## Exercise
Every line in the following data that has "these" counts toward the total; state that total alone.

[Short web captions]
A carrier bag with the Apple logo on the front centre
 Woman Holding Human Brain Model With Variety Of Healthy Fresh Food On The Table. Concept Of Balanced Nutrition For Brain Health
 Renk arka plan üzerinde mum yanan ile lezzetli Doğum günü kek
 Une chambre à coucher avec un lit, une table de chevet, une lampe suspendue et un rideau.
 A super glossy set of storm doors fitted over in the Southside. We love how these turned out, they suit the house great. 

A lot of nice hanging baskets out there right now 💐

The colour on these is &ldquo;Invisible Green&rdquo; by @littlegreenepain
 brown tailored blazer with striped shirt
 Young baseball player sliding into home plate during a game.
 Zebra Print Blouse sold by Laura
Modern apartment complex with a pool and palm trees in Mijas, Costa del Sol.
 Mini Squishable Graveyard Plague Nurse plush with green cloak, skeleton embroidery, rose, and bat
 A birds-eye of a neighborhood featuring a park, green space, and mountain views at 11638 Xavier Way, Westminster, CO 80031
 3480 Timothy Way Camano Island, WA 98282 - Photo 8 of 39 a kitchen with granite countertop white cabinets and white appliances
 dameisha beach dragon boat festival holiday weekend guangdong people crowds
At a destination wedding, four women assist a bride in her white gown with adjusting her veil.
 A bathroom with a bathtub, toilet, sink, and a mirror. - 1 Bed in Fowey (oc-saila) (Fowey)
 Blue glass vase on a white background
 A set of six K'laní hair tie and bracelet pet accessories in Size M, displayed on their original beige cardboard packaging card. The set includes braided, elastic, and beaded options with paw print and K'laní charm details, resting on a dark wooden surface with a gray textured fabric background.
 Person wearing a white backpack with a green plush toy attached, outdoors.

## Answer to this exercise
2